Les Luxembourgeois prêts à réduire leur consommation de tabac et le prix des cigarettes ? D’après une enquête ILRES effectuée pour la Fondation Cancer, il semblerait que la majorité des habitants du pays souhaitent lutter contre le tabagisme. Selon cette étude, qui s’appuie sur un échantillon de 1 000 personnes, 64 % des personnes interrogées estiment qu’il est urgent de freiner le tabagisme.
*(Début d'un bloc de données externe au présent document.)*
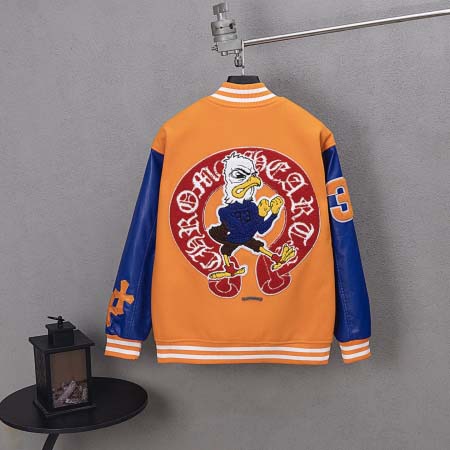 2025年8月24日秋冬入荷新作Chrome hearts ジャケット/野球服安い人気商品/HL工場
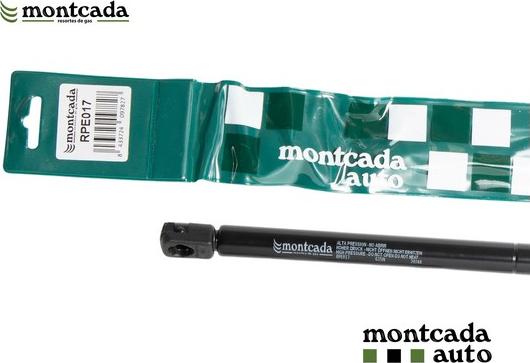 Montcada RPE017 - Газовая пружина, упор autospares.lv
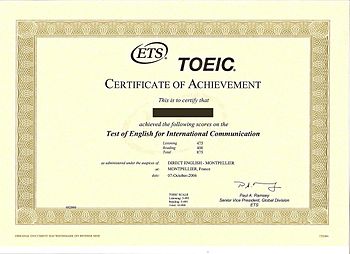 Lire la suite à propos de l’article Ecoles d’ingénieurs et TOEIC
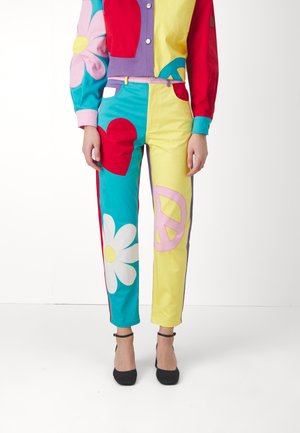 TROUSERS - Kelnės - multi-coloured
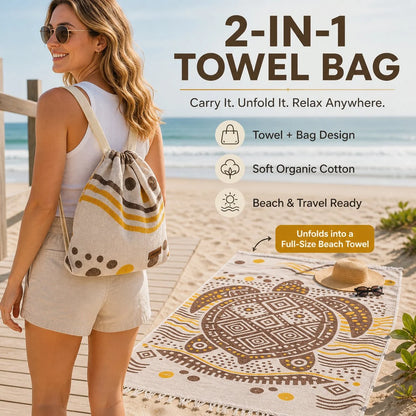 Comfort-Focused Sand Cloud – Sand-Repelling Fabric for Everyday Wear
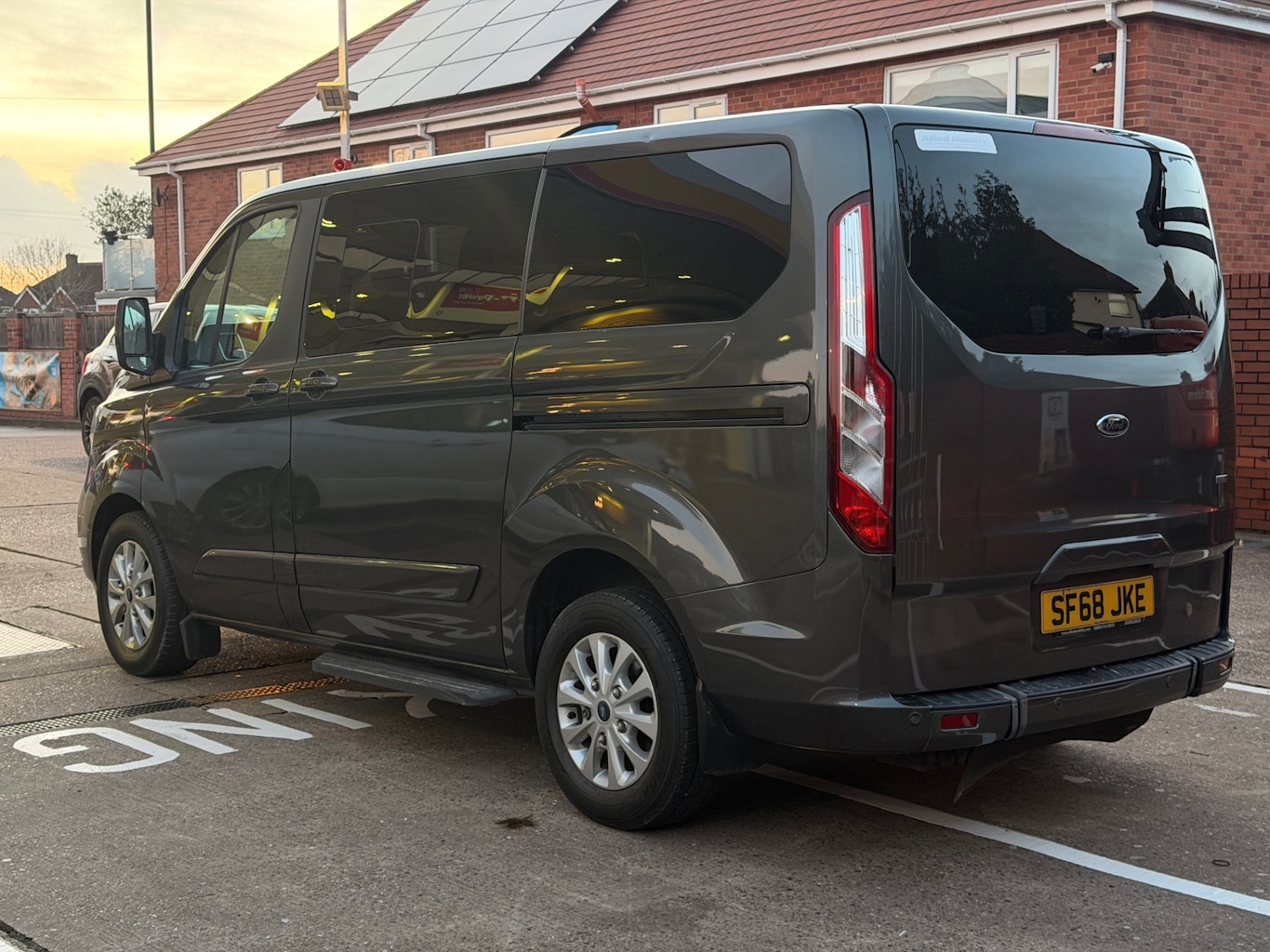 Used Ford Tourneo Custom 2018 for sale - 77033061: Photo 7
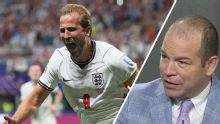 Moreno: Harry Kane sees a different picture with England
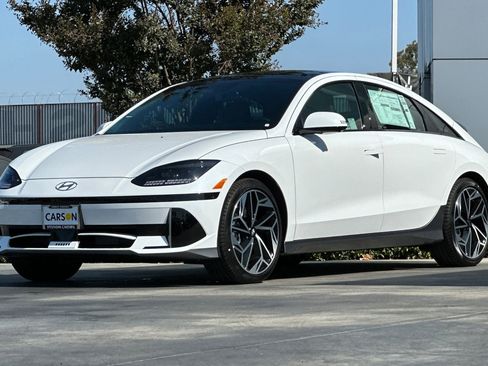 New 2024 Hyundai Ioniq 6 Limited image 7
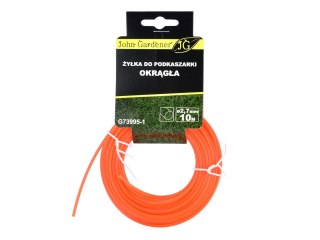 Żyłka do podkaszarki okrągła 2,7mmx10m (20/200) Geko
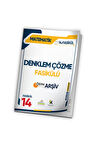 2025 KPSS Matematik Kara Kutu Denklem Çözme 14.Fasikül ÖSYM Çıkmış Soru Bankası Modüler Set Çözümlü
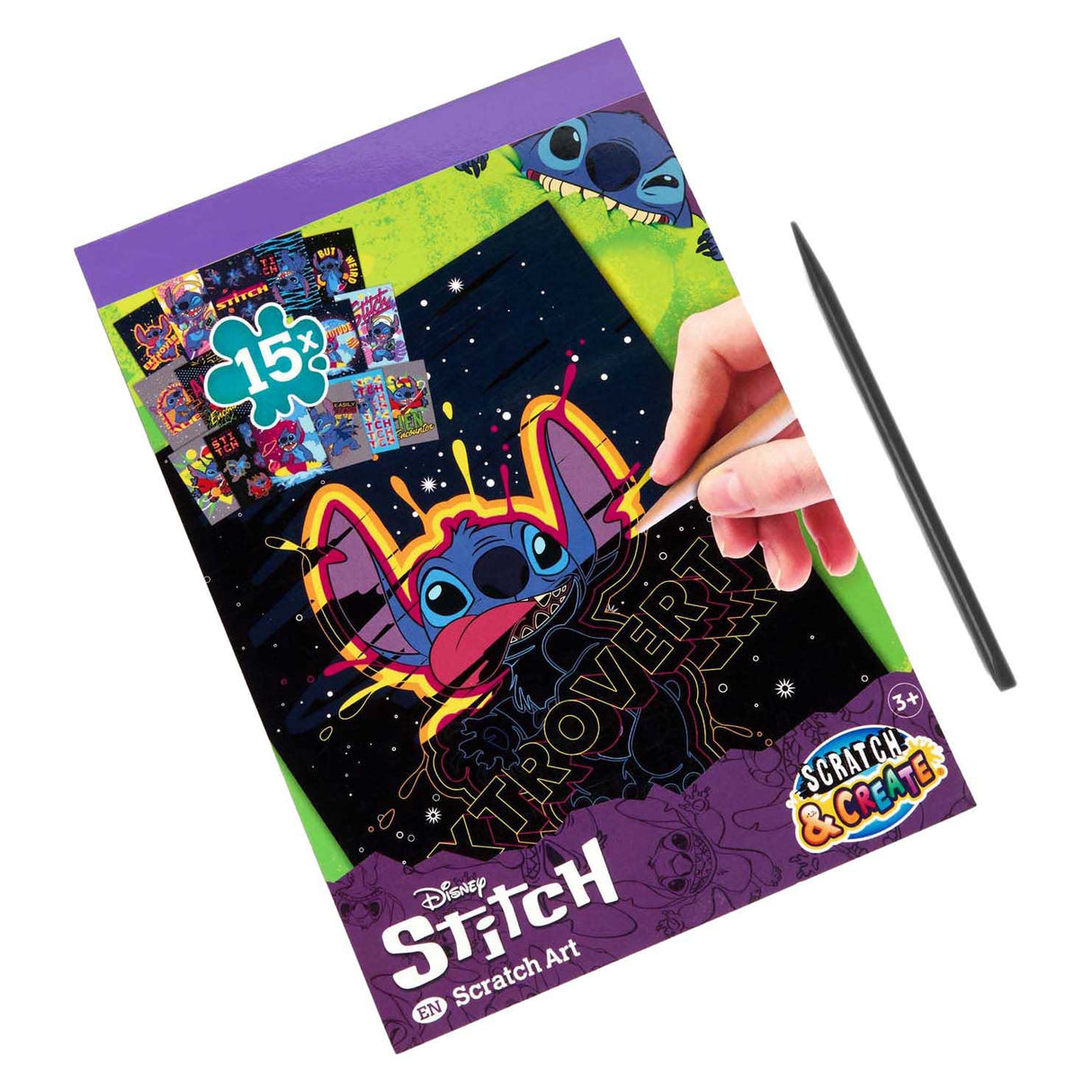 Canenco Stich-Kratzkunst
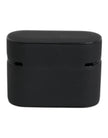 Dolce & Gabbana Schwarz Orange Silikon geprägte Logo Airpods Fall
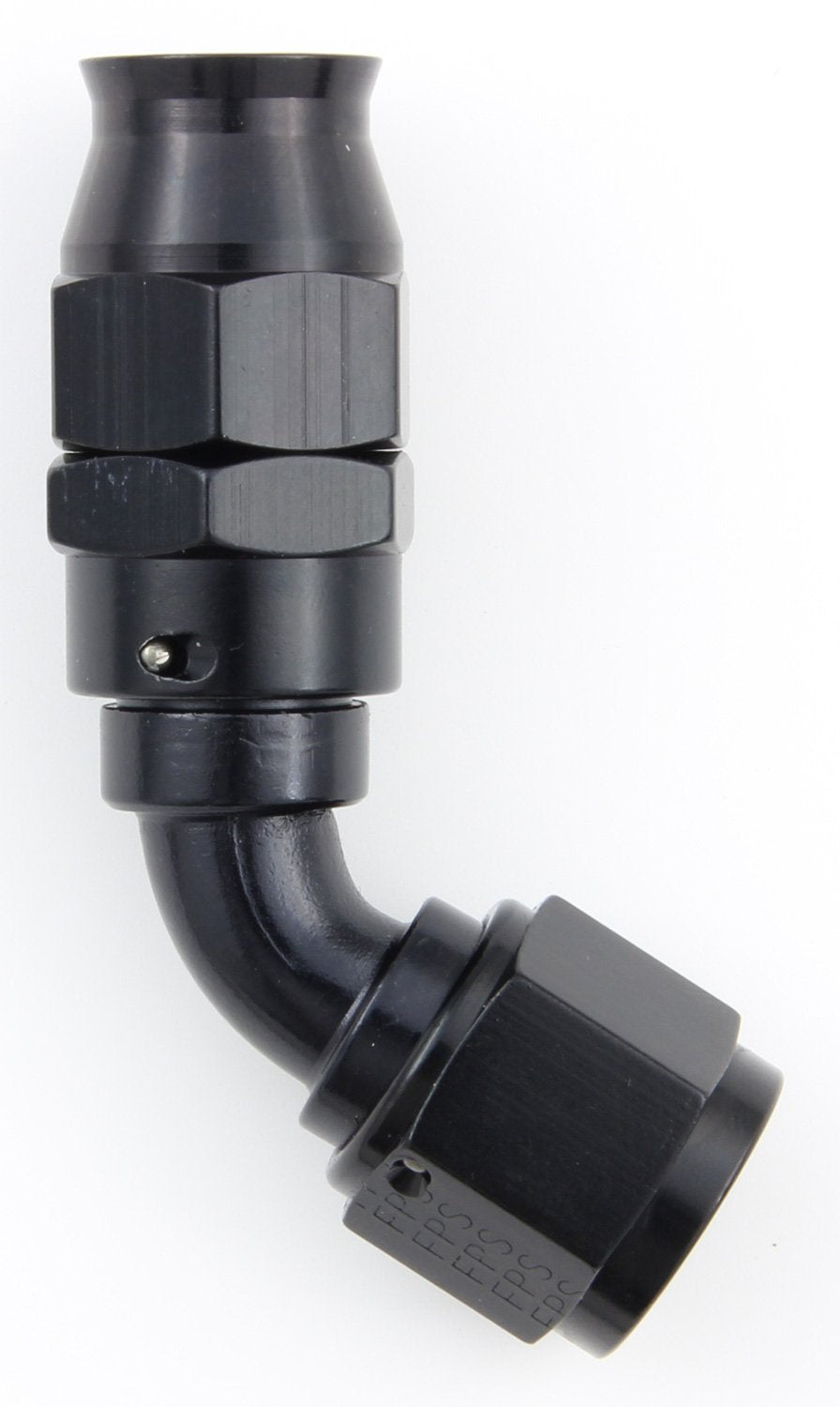 Black Fragola FRG686006-BL Size (-6) 60° PTFE Hose Fitting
C’est Le Quotidien (édité au Luxembourg) qui nous délivre cette information.
Dans cette optique, plus de sept résidents sur dix (74 %) veulent une augmentation du prix du tabac.
« Trois quarts considèrent qu’une hausse importante serait efficace pour réduire la consommation, en particulier chez les jeunes », souligne la Fondation Cancer, précisant que parmi les fumeurs, plus d’un sur deux reconnaît l’efficacité d’une telle mesure.
« Un alignement des prix du tabac avec ceux des pays voisins permettrait enfin de mettre fin au rôle de buraliste de l’Europe et d’envoyer un signal fort : la santé des jeunes doit primer sur les intérêts économiques », a appuyé Margot Heirendt, directrice de la Fondation Cancer.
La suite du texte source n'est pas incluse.